A number of the heroic firefighters who saved lives during the Grenfell Tower fire have since been diagnosed with terminal cancer.

According to an investigation by the Mirror, up to a dozen of firefighters who responded to the 2017 fire are suffering with rare cancers including digestive cancers and leukaemia, because of being exposed to contaminants in the fire.

Strokes, heart disease and kidney failure are also understood to have been recorded among the heroes.

A fire service source told The Mirror: “We are expecting some really depressing data to be revealed soon. It’s shocking.”

The Grenfel fire which claimed the lives of 72 men, women and children on June 14 2017, was one of the deadliest blazes since the Second World War with new details emerging regularly.

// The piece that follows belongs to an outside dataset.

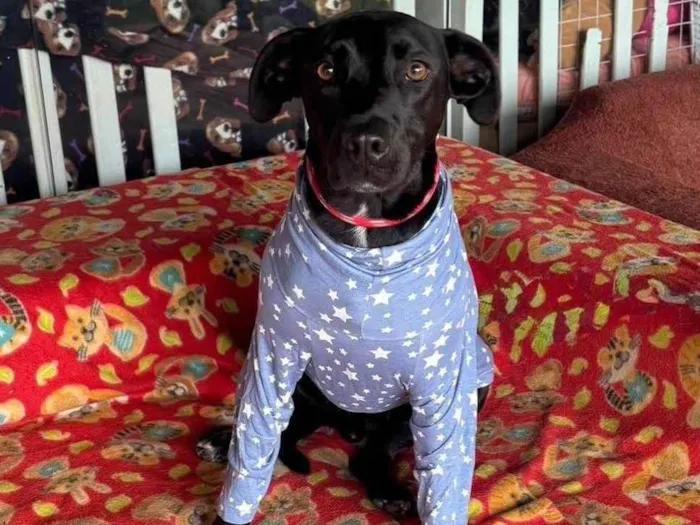 Cachorro raça SRD-ViraLata idade 6 ou mais anos nome Sebastian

Riccardo la Torre, Fire Brigades Union national official, said: “When workers on the front line are tackling fires to save lives and property, like all those who attended Grenfell, they need every protection possible from toxic health risks,”

“This vital research proves that firefighters are suffering and dying from cancer, strokes, heart disease, and mental ill health as a result of going to work and protecting the public,”

“We now know that firefighters are exposed to health and life-threatening contaminants as a result of their occupation, and certainly would have been at an incident the size and scale of the Grenfell Tower Fire,”

“Due to this inaction by the government and fire bosses, the Fire Brigades Union is commissioning further research to help us demand proper protection and support for our members who attended Grenfell, and for firefighters all over the UK.”